What you have to understand is that the pcv is a very dynamic system. The operating conditions change a great deal depending on throttle opening and engine load, with blowby, which is likewise dynamic, interacting in interesting ways, and the whole business then goes on to influence the way the engine runs, particularly at idle and low speed.

We're tricked into thinking it's simple because it looks simple. It's anything but.

So, The Brits limit the fresh air inducted to the crankcase, and then limit the suction via their carb design. But if you don't use SU carbs it makes it really hard to use that system because you have to limit the flow somehow, still provide some sort of suction, and provide for the much higher flow from blowby under load. Hard to satisfy all those requirements.

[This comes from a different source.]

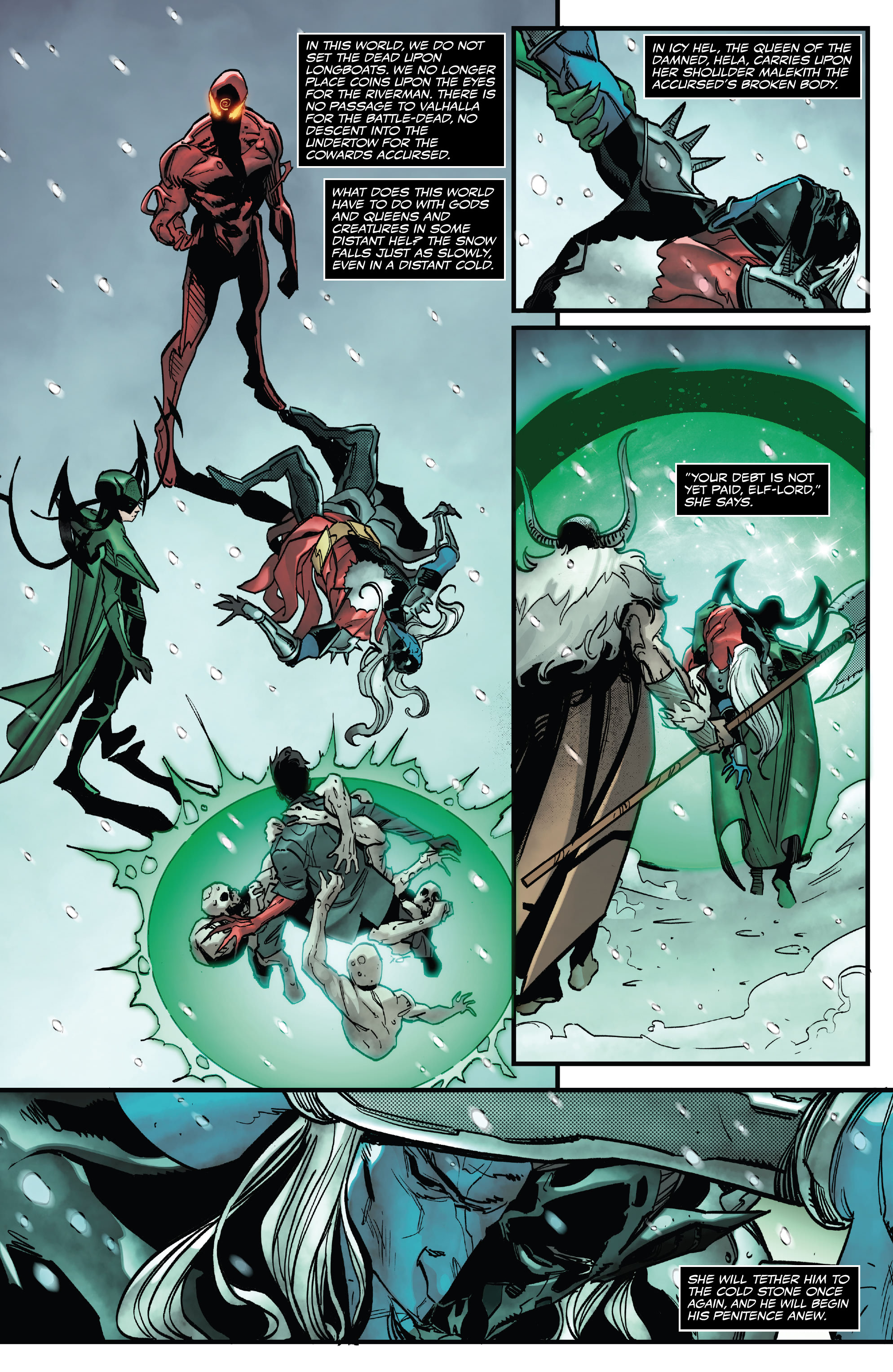 Carnage (2022-): Chapter 8 - Page 4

American practice limits suction with the shuttle in the pcv valve at idle, reduced vacuum at cruise lets the shuttle drop and allows more flow through the valve, and under full load the blowby just spews out the other hose into the air cleaner. Unless your carb is set up for venturi vacuum pcv like an SU that leaves the American design as the simplest option. Get a pcv valve from a similar engine, mount it vertically and plumb it to the blower inlet. If you run that from the tappet cover, then cut the end off the tube on the rocker cover, plumb it through the wall of the tube between your air filter and carb and put a miniature filter on the end of it inside the tube. Job done. The miniature filter acts as a flame arrester, that's the only reason for it to be there, and you can't leave it off. But you can use one of a different sort in a different place in that line.